In UNIX, everything is treated as a file (including hardware like disks, keyboards, etc.) which makes its architecture elegant and easy to interact with. It also introduced many concepts that are still commonly used today, such as a hierarchical file system, shells (like Bash), and scripting languages.



## Operating System Choices

In general, the work that you undertake in this course can be done on any operating system. If we had to make a recommendation it would be for Linux, as the majority of the software we use is open-source, and will run very well on Linux systems. That said, you can definitely use Mac OS (which is very similar to Linux) without any major modifications, and Windows with a few necessary changes.

### Linux

Linux is a Unix-like operating system which is highly regarded by data professionals due to its flexibility, control, and extensive customization options. It is open-source software, meaning the code that makes it run can be viewed and edited by anyone. This allows users can tailor the environment to their exact requirements, which can be a significant advantage when setting up complex data processing workflows. Its powerful command-line interface allows for efficient processing and automation of tasks, and Linux is widely used in server environments and cloud platforms (where you use the internet to access another computer to do your processing and data storage). Linux therefore offers users a consistent experience between their local and remote work environments. 

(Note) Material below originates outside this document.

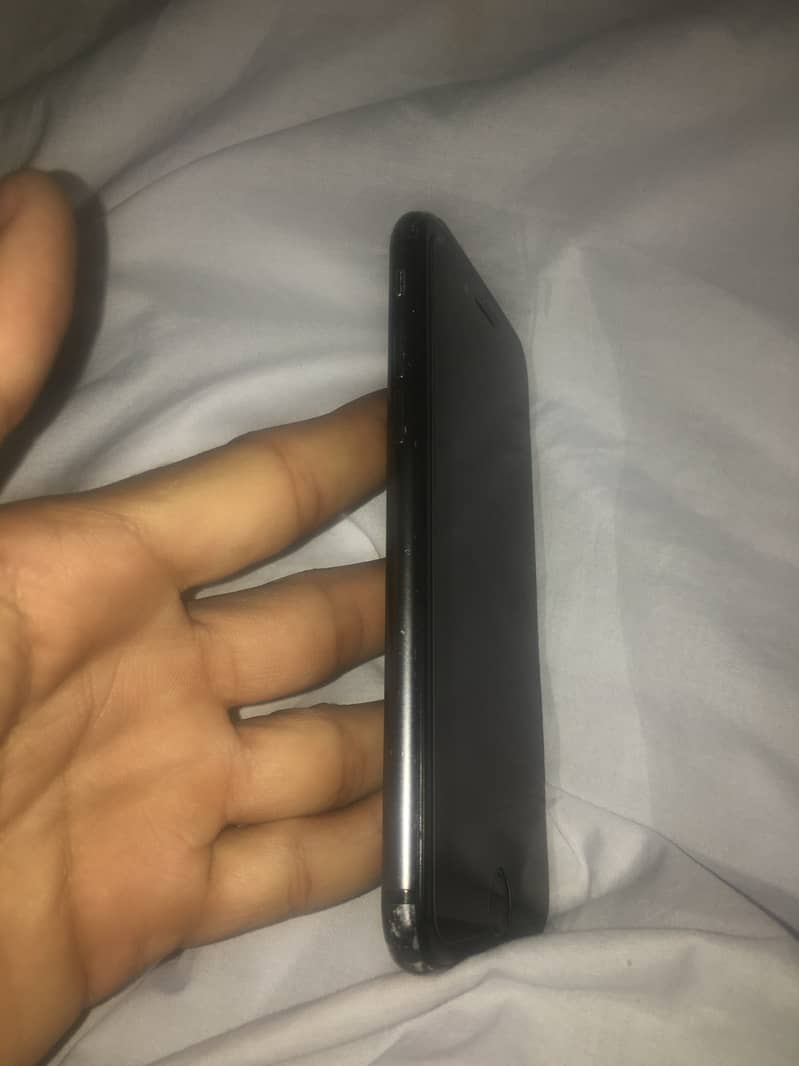 iPhone 8 64GB 4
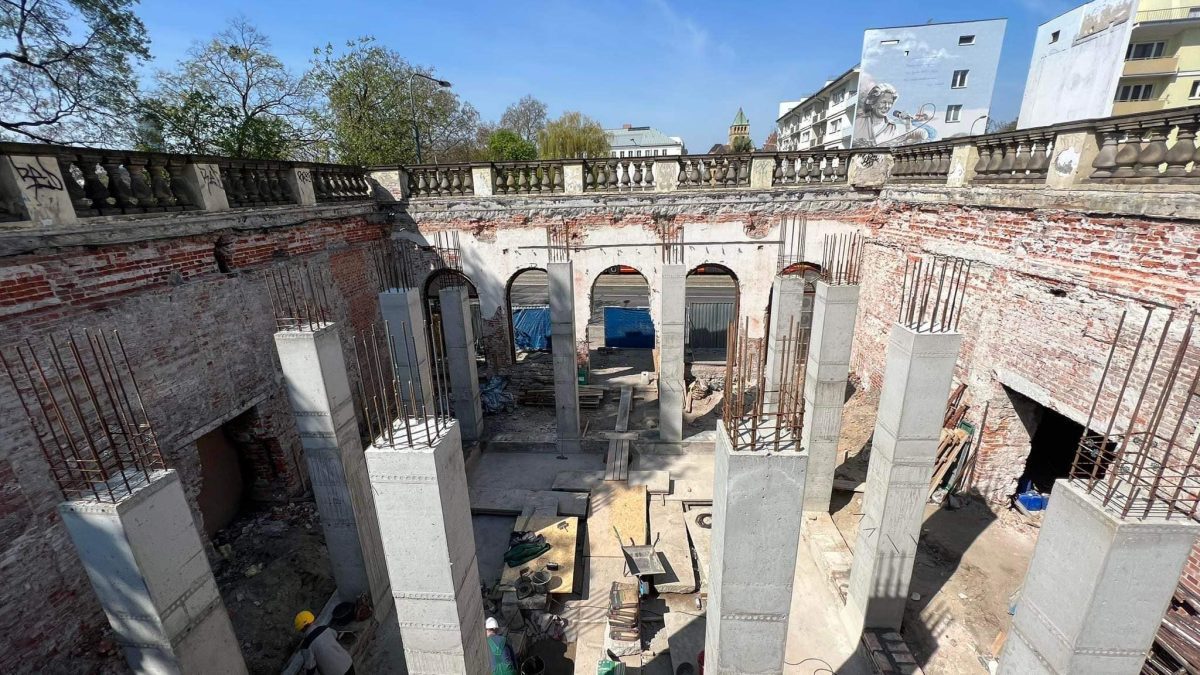Kolejne postępy prac na Bastionie Sakwowym – kolumny i schody już odbudowane.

On the downside, Linux can have a steeper learning curve, especially for those accustomed to Windows or Mac OS interfaces. While its software library is vast, some commercial software, particularly those designed for Windows or Mac OS, may not have a Linux version. 

#### Linux Distributions

Unlike the other operating system flavours listed here, Linux is not a single OS, but comes in several varieties, known as distributions. As Linux is open-source, anyone can create a version of it, so a Linux distribution is a specific version of the software, packaged together by an individual or organization. Each distribution can have different default settings, software packages, and user interfaces, tailored to different types of users or use cases. Some well-known distributions include Ubuntu, Fedora, and Debian, each with their own unique characteristics, strengths, and community support. 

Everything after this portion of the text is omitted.